I have been fascinated in recent decades by observing our generational differences through my own mentoring experiences and discovered that connectivity over long-lasting relationships demands understanding.  A recent series of articles from Axios Finish Line, authored by Mike Allen, Erica Pandey and Jim VandeHei, describes our generational attitudes and its importance to understanding as we work together. 

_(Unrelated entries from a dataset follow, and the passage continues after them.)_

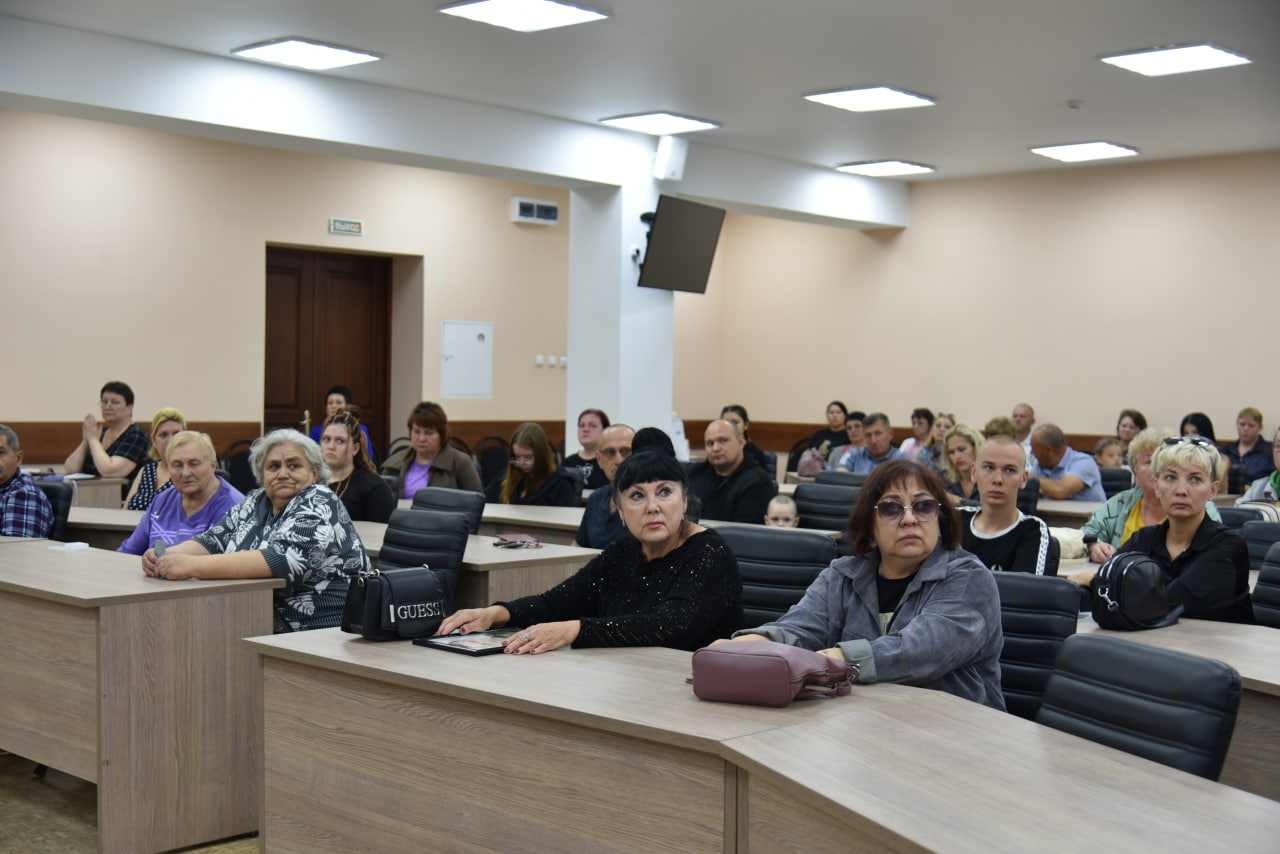 Родным героев СВО вручили памятные знаки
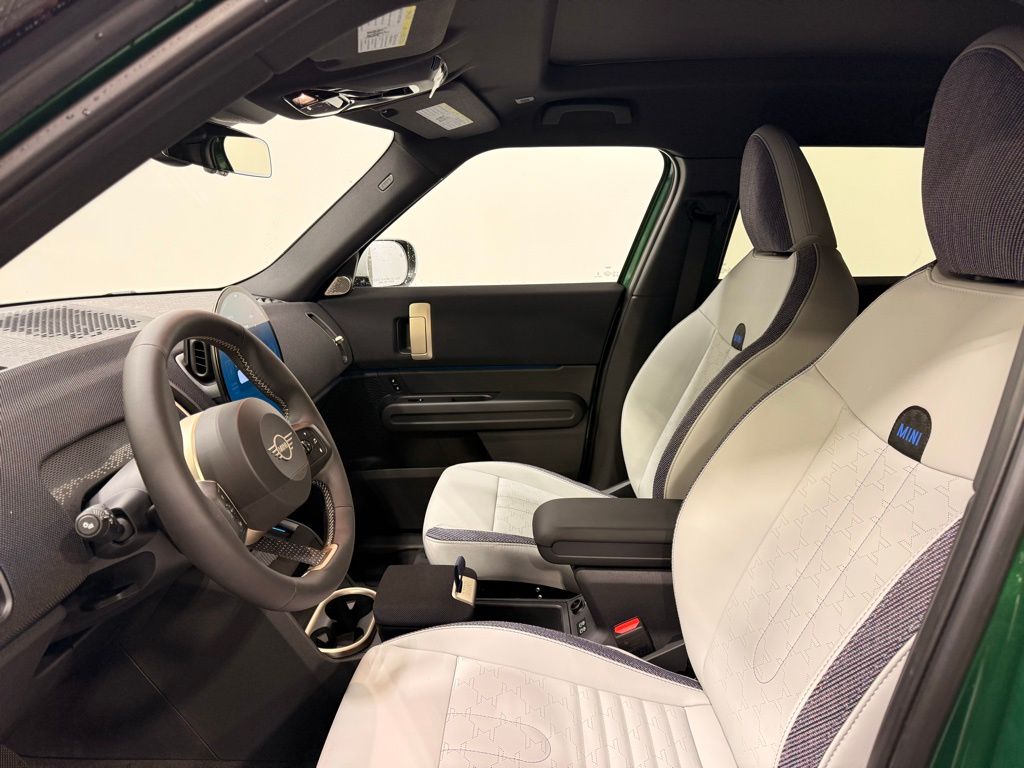 2025 MINI Cooper Countryman Iconic 12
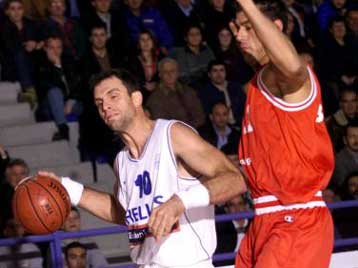 Με το δεξί ο Ιωαννίδης αλλά και η εθνική στα προκριματικά του Eurobasket 2003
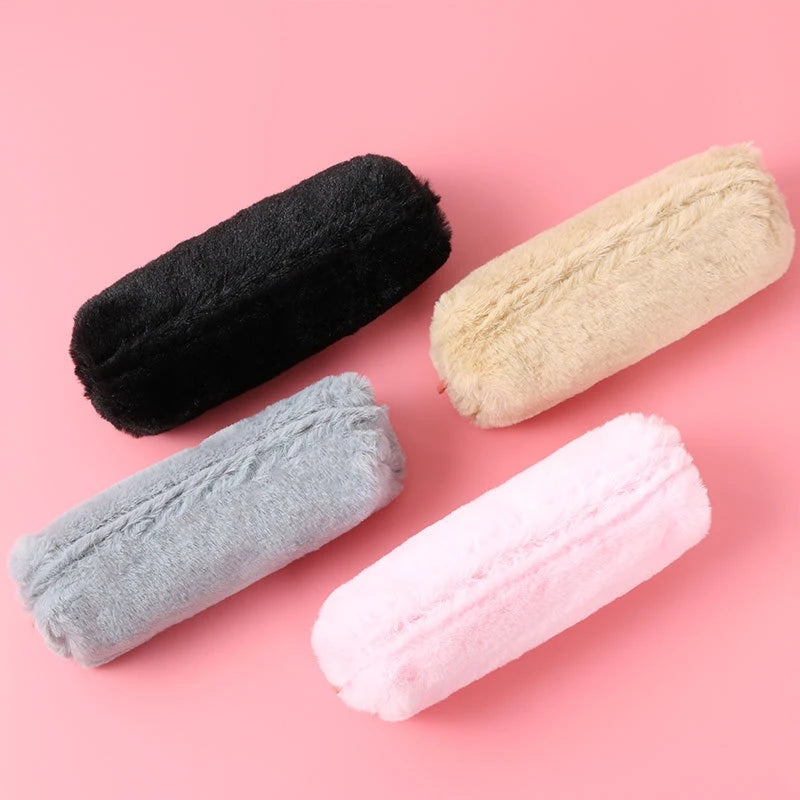 💖 Estojo de Pelúcia Kawaii Grande Capacidade: Bolsa Fofa para Lápis e Material Escolar!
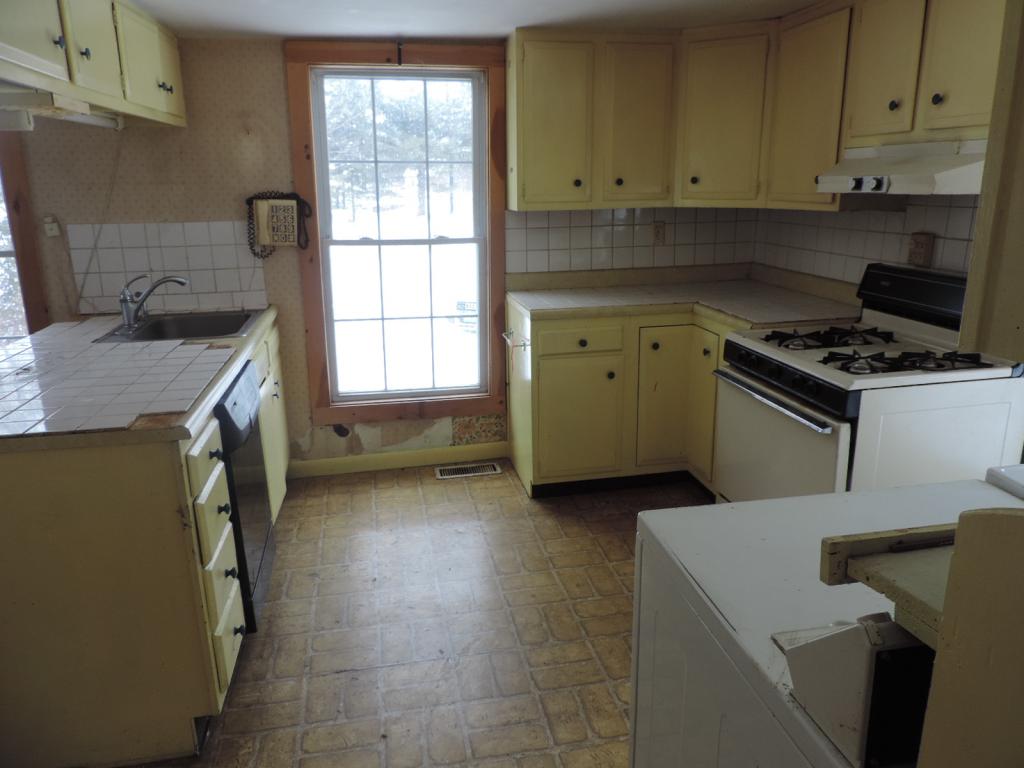 6111 Vermont Rte 111 Morgan, VT 05853 - Photo 4 of 24 Gallery Image 4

So here are our categories, find where you fit and learn about others:

  • Silent Generation: Born 1928-1945; ages 77-94 as of 2022.
  • Baby Boomers: Born 1946-1964; ages 58-76.
  • Generation X: Born 1965-1980; ages 42-57.
  • Millennials: Born 1981-1996; ages 26-41.
  • Generation Z: Born 1997-2012; ages 10-25.
  • Generation Alpha: Born 2012 and on; ages 10 and younger.

 

Traits of the Silent Generation:

  • Traditional values. Cultural and social forces emphasized values such as hard work, loyalty and thriftiness when the Silent Generation was coming of age.
  • Financial prudence.
  • Interpersonal respect.
  • Determination.
  • Resilience. 
  • Work ethic.
  • Analog sensibilities
  • Self-sacrifice

Traits of Baby Boomers:

  • Strong work ethic. Baby Boomers aren’t afraid to put in a hard day of work.
  • Self-Assured. This generation is independent and self-assured
  • Baby boomers like competition.
  • Goal-centric.
  • Mentally focused.
  • Team oriented.
  • Disciplined.

 

Baby Boomers & The Silent Generation have recommendations for us:

  • Follow your passion, explore outside your comfort zone and find a job that satisfies your talents and passion;
  • Open your mind, remembering that focused listening to differing views can strengthen your knowledge and, thus, your understanding;
  • Hard work still means something. Be “all in” when you are on the job—career progressions are not always linear but may be sideways to broaden your horizons, experience and value to your employer;
  • Get off the phone! Have good manners, respect and develop your people skills by visiting other generations to learn from them;
  • Be yourself, enjoy colleagues and friends of varying ages. Keep on caring and being compassionate with each other.

 

Traits of Gen X in the Workplace:

  • Self-sufficient, results-oriented and hard-working with a tendency to be quiet achievers.
  • Entrepreneurial, educated and independent thinkers.
  • Value diversity, challenges, and responsibility.
  • Enjoy creative input and resourceful.
  • Embrace technology and social media.

 

 

Traits of Millennials in the Workplace:

 

  • Naturally competitive.
  • They are technology natives.
  • They crave work-life balance.
  • They expect collaboration.
  • They require a seat at the table.
  • They want to keep on learning.
  • Their loyalty may appear fickle because they are not afraid of change for improved outcomes

 

Traits of Gen Z in the Workplace:

  • Preference for traditional communication. Even though Generation Z grew up with texting and instant messages, studies show that they prefer to speak face-to-face in the workplace. 
  • Desire to work individually.
  • Mobile-first habits.
  • Motivated by stability.

 

Gen X’s (particularly on the later timeline), Millennials and Gen Z’s work to live, instead of living to work — staying on the payroll, but focusing on fun, fulfilling activities outside of work.  They want something to believe in and a reason to respect the company vision and its passion.  They are lifelong learners and not afraid to change for improved outcomes.  They are inclusive and applaud a diverse workforce.  They are less serious, more casual but still value serious work.

 

With our upcoming state conference, our hope and your opportunity is to re-energize yourselves by in-person connectivity with others–not only within your generational pool but beyond.  Share new experiences, teach, learn, observe, be inspired, discover, envision and connect. 

 

The ASID family is tall and wide with great human in-person resources to share with each other. 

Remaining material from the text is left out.